27日午後2時前。同市のパブリックビューイング会場。世界遺産委員会で登録が決まると、会場は大きなどよめきと拍手に包まれた。
「うれしいとしか言いようがない」。一般社団法人「佐渡を世界遺産にする会」(同市)の庄山忠彦事務局長(66)はほっとした表情をみせた。
韓国政府が登録賛成に回ってくれるか、最後まで不安だったという。朝鮮半島出身の労働者を含む労働者の歴史を展示することについては「事実を事実として展示すればいい」と前向きに受け止めた。

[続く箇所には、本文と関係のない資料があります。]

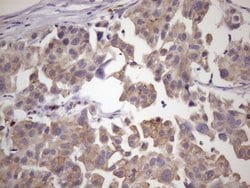 SMCP Monoclonal Antibody (OTI6G9), TrueMAB , OriGene 100 &mu;L; Unconjugated:Antibodies,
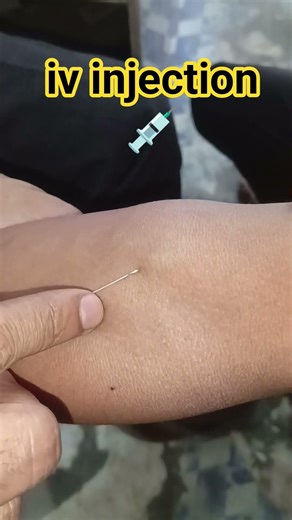 🏥💉𝗶𝗻𝘁𝗿𝗮𝘃𝗲𝗻𝗼𝘂𝘀 𝗶𝗻𝗷𝗲𝗰𝘁𝗶𝗼𝗻 𝗶𝘃🩺🥼 #docter #medical #nursing #injection #hospital #shorts #viral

遺跡は島の西側にある。世界遺産になっても「地元の地区にしかメリットがない」といった考えが根強く、会は島全体の盛り上げに取り組んだ。将来を担う若者の関心を高めようと、鉱山の歴史や世界遺産の意義などを伝える小学生や社会人向けの出前授業や、佐渡の金銀を江戸に運ぶ際の島内ルートを市民らが歩く催しなどを度々開催。小学生が金山について学ぶ「子どもサミット」などを開いてきた。推薦からの落選が続き「いつになったら登録されるんだ」「今回ダメならやめようか」。会員からそんな声が出ても、世界遺産になる日に備え、遺跡周辺の草刈りなどを続けてきた。会員は年々増え、現在、佐渡市民ら約1300人と県内企業200社超を数える。